Casals Quartet: Shostakovich

The Strad Issue: February 2025

Description: A quartet renowned in Classical repertoire ventures into the 20th century

Musicians: Casals Quartet

Works: Shostakovich: String Quartets vol.1: nos.1–5

Catalogue number: HARMONIA MUNDI HMM90273132 (2 CDs)

Turning first to No.3, as one of the pivotal works in Shostakovich’s entire output, I was initially nonplussed. The Casals Quartet carries elegant stratagems of Classicism – pure tone, light bows, a knowing wink at modulations, gently inflected cadences – to a ne plus ultra, as though its players had sat down to perform one of the Haydn op.20 quartets without the music, and decided to make it up as they went along.
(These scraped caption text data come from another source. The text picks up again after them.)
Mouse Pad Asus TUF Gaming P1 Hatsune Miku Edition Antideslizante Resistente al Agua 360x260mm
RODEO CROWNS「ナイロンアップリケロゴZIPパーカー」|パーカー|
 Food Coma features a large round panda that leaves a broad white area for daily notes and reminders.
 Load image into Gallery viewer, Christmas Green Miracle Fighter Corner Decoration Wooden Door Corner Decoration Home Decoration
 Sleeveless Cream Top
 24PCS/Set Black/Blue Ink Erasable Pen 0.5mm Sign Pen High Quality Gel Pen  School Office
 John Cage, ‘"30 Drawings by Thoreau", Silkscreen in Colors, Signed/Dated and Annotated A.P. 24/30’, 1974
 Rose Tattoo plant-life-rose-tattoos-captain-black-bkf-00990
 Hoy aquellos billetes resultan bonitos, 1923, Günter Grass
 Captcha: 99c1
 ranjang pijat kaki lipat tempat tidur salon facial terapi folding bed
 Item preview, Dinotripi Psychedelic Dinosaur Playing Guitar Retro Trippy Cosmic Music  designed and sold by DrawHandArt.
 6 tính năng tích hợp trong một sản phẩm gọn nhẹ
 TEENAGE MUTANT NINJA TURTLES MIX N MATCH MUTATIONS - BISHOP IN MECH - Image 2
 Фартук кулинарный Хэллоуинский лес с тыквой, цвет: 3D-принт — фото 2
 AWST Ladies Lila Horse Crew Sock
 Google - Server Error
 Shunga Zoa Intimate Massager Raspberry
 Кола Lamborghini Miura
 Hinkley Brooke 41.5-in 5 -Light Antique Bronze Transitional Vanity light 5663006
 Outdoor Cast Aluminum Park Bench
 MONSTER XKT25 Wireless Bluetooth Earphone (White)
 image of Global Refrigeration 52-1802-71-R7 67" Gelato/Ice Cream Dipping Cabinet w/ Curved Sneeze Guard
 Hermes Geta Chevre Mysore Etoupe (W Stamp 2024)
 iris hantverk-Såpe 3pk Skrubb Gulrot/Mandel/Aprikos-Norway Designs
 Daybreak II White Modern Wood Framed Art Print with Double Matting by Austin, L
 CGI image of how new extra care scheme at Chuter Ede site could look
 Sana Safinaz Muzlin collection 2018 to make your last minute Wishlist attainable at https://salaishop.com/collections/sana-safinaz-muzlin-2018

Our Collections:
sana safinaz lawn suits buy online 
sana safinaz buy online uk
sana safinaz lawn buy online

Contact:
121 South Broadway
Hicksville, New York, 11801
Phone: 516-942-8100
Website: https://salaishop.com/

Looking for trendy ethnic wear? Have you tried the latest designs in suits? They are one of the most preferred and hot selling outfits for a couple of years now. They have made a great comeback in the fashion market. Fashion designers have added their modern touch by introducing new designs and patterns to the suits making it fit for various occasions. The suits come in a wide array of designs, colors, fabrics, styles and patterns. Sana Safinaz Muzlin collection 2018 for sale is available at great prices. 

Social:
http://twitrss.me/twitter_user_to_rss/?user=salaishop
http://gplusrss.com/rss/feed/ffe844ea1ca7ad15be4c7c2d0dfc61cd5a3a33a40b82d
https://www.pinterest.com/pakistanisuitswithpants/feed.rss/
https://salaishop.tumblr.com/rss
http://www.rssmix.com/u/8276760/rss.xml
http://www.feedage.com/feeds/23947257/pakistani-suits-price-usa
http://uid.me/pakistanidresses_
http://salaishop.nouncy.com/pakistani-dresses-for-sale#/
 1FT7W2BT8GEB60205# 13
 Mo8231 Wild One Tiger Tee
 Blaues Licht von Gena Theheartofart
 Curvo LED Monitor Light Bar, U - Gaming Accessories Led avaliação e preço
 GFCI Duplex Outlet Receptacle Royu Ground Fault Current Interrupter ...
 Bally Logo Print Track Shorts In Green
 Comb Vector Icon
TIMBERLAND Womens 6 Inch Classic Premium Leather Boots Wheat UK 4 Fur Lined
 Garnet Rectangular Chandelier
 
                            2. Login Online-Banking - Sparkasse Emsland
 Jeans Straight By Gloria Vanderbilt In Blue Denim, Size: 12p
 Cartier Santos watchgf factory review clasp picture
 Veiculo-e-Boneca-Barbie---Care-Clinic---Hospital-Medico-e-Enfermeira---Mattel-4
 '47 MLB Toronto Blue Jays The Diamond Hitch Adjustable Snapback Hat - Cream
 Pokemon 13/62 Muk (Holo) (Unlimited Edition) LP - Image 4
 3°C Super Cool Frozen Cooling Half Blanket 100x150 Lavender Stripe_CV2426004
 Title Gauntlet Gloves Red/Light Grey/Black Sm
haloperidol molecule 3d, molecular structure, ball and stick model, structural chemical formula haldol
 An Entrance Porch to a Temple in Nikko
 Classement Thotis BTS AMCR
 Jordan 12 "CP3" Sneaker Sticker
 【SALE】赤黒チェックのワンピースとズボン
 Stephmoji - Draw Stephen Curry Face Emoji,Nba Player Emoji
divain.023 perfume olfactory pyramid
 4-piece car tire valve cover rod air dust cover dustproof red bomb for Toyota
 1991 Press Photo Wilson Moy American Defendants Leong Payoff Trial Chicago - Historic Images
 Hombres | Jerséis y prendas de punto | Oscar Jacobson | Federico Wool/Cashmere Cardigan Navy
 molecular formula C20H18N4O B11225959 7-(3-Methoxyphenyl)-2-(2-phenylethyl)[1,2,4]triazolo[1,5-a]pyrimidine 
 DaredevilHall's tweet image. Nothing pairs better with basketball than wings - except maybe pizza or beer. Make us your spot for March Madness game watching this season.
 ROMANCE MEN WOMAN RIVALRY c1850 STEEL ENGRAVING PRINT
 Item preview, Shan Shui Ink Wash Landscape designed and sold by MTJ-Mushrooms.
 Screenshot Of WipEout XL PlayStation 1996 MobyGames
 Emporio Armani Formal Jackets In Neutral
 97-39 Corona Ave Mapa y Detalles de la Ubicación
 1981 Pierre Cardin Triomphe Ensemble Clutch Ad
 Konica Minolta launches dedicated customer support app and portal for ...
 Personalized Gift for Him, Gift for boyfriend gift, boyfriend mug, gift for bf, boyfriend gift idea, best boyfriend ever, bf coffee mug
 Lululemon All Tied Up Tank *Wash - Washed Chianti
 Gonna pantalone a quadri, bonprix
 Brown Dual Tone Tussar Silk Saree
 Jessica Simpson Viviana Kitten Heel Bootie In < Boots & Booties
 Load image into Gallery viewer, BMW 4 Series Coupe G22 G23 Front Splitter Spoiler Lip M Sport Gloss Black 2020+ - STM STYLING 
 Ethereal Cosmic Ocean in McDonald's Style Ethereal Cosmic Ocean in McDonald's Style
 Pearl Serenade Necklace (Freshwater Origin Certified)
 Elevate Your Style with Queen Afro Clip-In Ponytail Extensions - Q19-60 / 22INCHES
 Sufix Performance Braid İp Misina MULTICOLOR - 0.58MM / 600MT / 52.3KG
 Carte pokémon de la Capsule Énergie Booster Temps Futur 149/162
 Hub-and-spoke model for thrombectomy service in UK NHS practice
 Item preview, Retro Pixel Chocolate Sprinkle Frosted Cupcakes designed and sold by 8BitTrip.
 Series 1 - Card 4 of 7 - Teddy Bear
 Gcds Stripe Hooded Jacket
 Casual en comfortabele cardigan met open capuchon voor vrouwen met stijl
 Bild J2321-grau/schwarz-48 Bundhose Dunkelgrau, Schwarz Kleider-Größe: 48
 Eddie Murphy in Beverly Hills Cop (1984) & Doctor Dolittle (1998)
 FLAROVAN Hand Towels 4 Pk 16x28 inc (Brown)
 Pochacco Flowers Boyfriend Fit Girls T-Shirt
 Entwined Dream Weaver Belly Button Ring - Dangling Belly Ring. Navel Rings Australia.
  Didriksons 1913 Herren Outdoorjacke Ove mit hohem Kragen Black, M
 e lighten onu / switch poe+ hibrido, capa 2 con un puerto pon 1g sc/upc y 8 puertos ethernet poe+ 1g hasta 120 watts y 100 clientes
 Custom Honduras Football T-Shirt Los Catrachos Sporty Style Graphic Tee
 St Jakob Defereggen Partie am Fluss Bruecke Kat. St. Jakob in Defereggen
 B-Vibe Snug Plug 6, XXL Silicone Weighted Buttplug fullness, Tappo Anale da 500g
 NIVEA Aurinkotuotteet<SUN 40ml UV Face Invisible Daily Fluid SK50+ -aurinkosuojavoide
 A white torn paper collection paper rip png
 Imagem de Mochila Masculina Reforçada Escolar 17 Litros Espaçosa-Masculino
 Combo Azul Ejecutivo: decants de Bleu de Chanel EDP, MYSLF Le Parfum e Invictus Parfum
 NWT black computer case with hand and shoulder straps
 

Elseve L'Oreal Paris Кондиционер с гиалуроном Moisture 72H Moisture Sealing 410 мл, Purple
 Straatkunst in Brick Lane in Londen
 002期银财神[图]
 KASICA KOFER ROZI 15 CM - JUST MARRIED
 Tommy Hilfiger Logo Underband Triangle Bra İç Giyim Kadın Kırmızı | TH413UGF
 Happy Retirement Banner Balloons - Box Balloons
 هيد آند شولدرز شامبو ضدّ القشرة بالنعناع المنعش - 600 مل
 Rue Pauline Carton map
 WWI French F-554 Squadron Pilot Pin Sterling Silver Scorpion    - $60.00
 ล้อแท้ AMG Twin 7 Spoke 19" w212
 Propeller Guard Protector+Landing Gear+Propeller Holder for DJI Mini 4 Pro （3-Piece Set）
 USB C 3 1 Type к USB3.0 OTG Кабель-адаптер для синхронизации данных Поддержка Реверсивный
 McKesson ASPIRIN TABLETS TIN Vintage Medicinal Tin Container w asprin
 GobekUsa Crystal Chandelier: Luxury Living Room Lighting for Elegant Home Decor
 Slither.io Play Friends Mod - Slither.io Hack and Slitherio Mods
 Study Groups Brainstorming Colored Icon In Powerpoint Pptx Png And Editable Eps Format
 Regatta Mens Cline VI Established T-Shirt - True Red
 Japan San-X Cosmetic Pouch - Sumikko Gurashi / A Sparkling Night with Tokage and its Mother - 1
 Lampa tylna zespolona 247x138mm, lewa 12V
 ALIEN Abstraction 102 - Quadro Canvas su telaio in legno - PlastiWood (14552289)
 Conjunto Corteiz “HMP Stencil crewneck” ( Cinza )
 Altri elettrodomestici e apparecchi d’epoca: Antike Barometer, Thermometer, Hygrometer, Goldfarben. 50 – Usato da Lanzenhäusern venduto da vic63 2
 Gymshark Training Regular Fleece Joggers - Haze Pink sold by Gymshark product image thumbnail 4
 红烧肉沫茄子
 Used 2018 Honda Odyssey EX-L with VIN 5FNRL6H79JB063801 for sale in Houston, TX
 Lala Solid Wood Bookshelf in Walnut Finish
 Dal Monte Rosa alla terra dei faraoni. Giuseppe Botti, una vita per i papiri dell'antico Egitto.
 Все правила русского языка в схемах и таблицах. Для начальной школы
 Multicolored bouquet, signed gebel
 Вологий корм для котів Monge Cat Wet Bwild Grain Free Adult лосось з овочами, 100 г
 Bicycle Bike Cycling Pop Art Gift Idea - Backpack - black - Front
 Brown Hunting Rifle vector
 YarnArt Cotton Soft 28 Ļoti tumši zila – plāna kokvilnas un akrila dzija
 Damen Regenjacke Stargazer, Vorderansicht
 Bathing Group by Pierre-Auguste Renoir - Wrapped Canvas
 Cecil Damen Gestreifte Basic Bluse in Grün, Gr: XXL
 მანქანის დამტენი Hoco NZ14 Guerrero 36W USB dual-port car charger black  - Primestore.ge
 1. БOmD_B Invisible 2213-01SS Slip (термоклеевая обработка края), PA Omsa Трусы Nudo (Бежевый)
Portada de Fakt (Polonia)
Shostakovich would surely have approved, as a composer who took as much delight as Haydn in wrong-footing and even deceiving his listeners. In any case, the plan unfolds, movement by movement, as a dismantling of the Classical quartet tradition. The Casals takes the second-movement trio as though walking down a dead end, followed by a scherzo like a brawl in a dark alley. The form and fugal writing of the finale hold no defined shape, like a silken mask or trap.

Circling outwards from the Third, surprises await the wary and unwary alike. The joke would soon wear thin if the musicians addressed everything else in the same spirit of two-faced playfulness. Instead, the folksy accents of the Second stress its affinity with Bartók. The Andantino of no.4 rises to a point of intensity all the more effective for its singularity as an expressive peak. The third movement is rapid in the manner of the Borodin Quartet but much less blatant, more nervous and unreadable, like most photographs of the composer’s face. A fairly close studio acoustic serves to underline the Casals’s engagement with this music in the context of the quartet tradition, more than gnomic points of musical autobiography.

Booklet notes by Elizabeth Wilson bestow a seal of authority on what could become the Shostakovich cycle of and for our time. If you know these quartets, you may find yourself wondering as you listen to the Casals, whatever will happen next? And if you don’t, then what are you waiting for?